Using the data below, print exactly the line with "May include: Two", the line with "Golden Bitcoin with", and every line between them, but none of the pictures.

Raw data:
*** Block opens ***

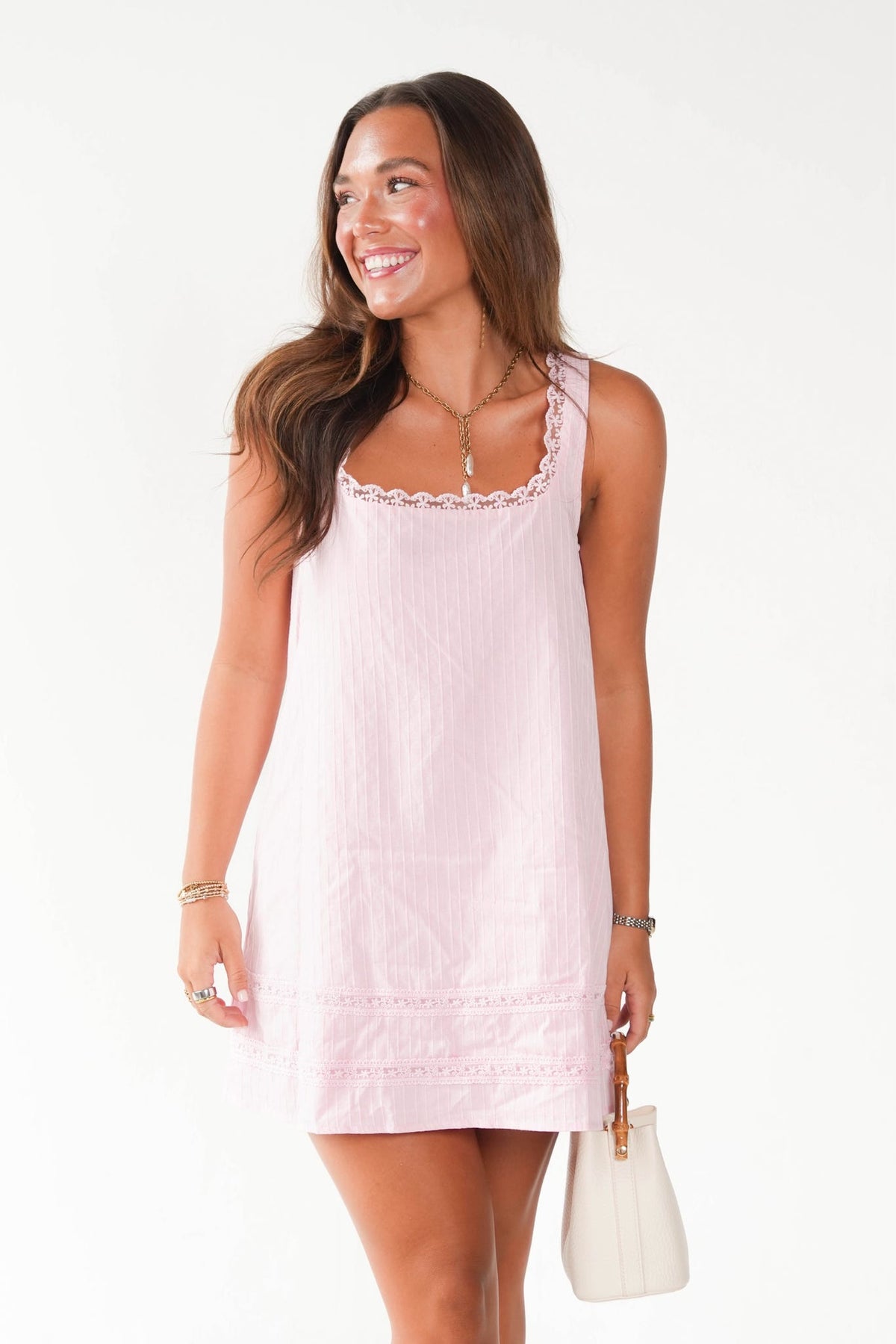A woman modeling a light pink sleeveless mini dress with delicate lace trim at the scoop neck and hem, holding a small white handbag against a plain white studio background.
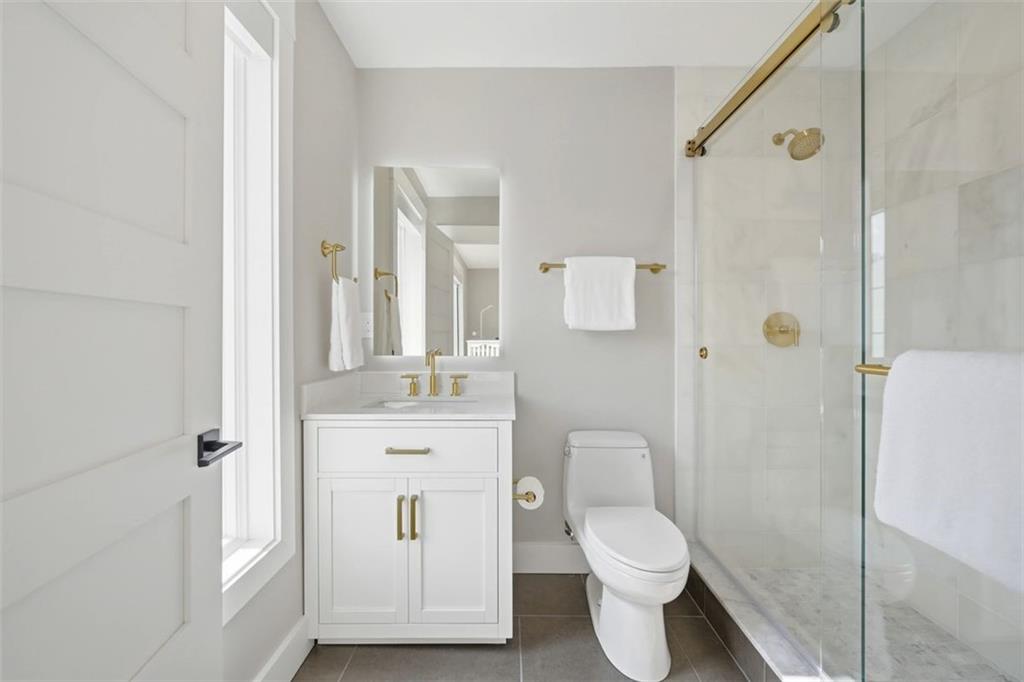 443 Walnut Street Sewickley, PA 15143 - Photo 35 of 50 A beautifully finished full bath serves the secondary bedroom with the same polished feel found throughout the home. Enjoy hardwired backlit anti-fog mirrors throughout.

*** Block closes ***
*** Block opens ***

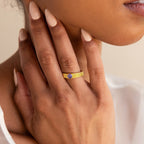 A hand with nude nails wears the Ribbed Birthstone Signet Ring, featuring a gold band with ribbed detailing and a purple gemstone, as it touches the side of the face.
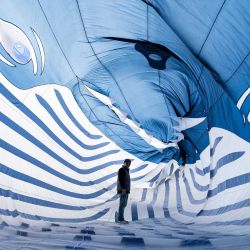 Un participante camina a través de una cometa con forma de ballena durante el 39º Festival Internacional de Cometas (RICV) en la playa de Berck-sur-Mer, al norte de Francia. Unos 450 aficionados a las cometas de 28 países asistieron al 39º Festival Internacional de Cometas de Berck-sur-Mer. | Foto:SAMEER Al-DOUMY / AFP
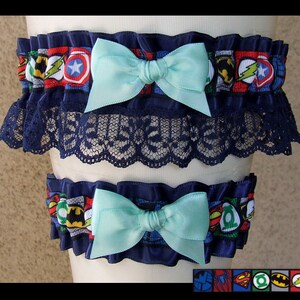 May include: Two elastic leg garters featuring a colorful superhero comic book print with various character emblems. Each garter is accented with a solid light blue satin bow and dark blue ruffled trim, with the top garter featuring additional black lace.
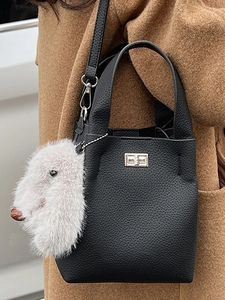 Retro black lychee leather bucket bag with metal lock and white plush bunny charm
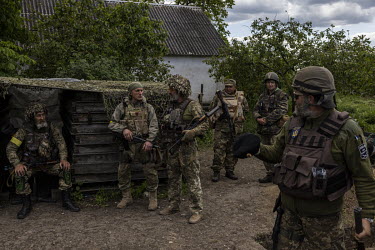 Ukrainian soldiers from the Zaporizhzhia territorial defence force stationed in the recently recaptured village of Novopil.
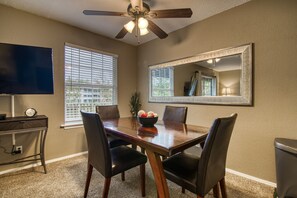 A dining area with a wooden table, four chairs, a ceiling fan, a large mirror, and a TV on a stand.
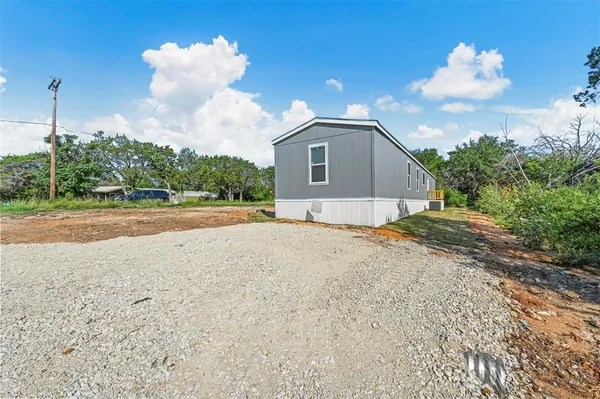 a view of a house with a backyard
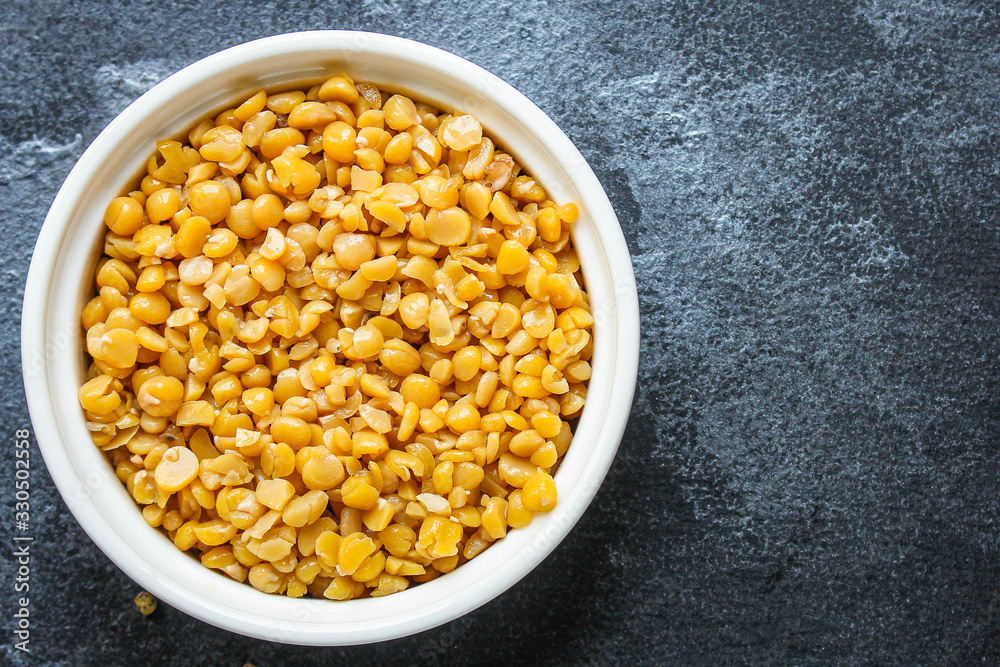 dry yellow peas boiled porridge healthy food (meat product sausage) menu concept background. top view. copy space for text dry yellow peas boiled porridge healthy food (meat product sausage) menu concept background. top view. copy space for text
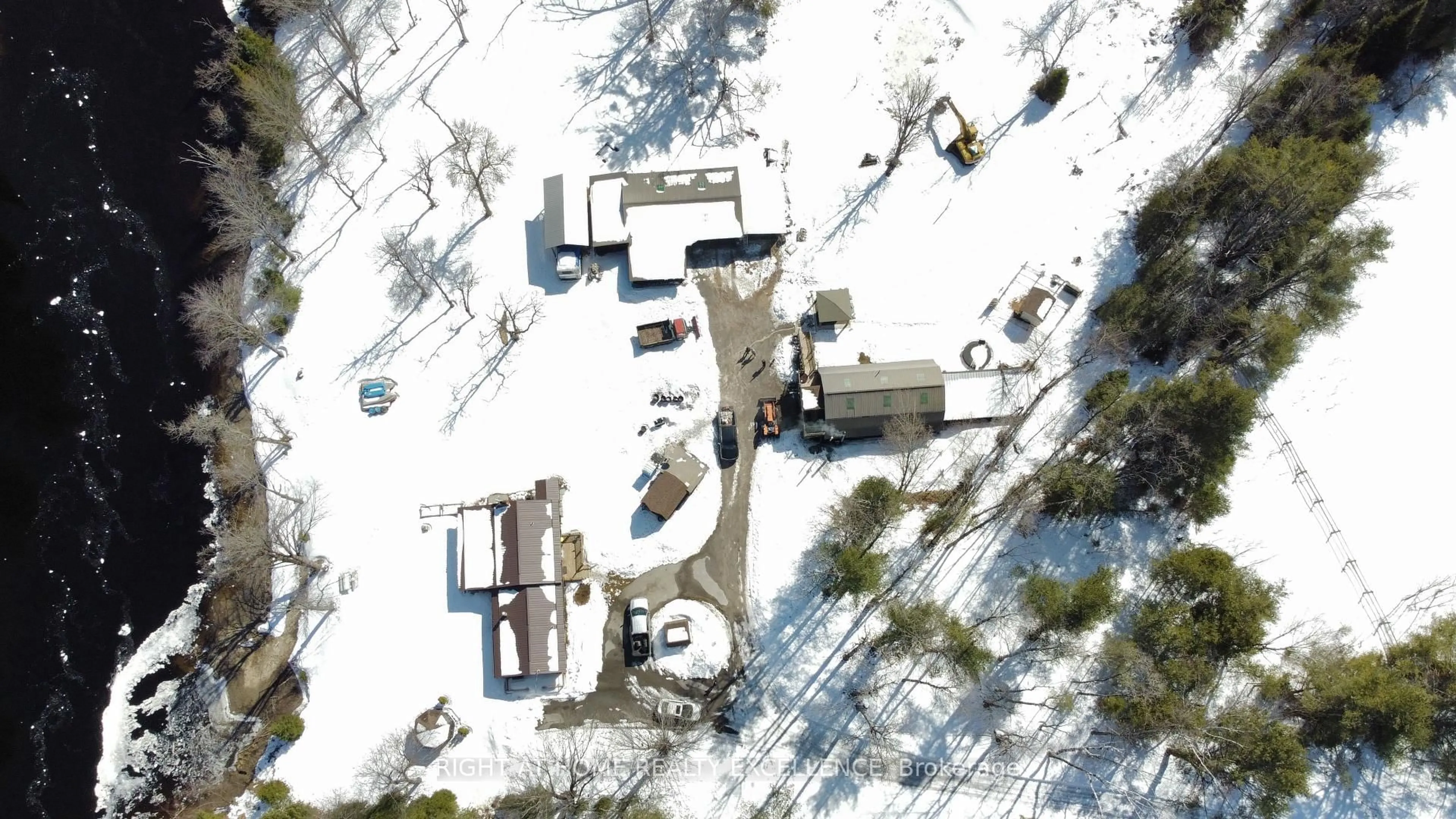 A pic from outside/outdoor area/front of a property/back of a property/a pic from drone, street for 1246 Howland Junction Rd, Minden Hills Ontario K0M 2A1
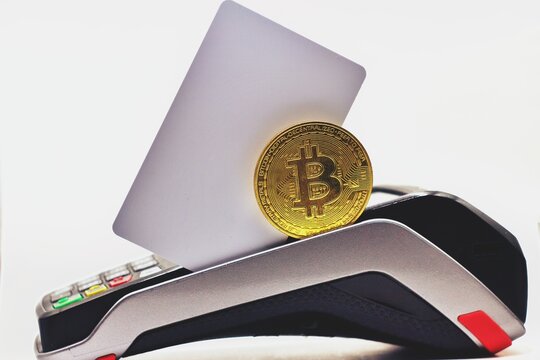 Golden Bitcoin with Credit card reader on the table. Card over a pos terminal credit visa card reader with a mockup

*** Block closes ***

Result of this task:
 May include: Two elastic leg garters featuring a colorful superhero comic book print with various character emblems. Each garter is accented with a solid light blue satin bow and dark blue ruffled trim, with the top garter featuring additional black lace.
 Retro black lychee leather bucket bag with metal lock and white plush bunny charm
 Ukrainian soldiers from the Zaporizhzhia territorial defence force stationed in the recently recaptured village of Novopil.
 A dining area with a wooden table, four chairs, a ceiling fan, a large mirror, and a TV on a stand.
 a view of a house with a backyard
 dry yellow peas boiled porridge healthy food (meat product sausage) menu concept background. top view. copy space for text dry yellow peas boiled porridge healthy food (meat product sausage) menu concept background. top view. copy space for text
 A pic from outside/outdoor area/front of a property/back of a property/a pic from drone, street for 1246 Howland Junction Rd, Minden Hills Ontario K0M 2A1
 Golden Bitcoin with Credit card reader on the table. Card over a pos terminal credit visa card reader with a mockup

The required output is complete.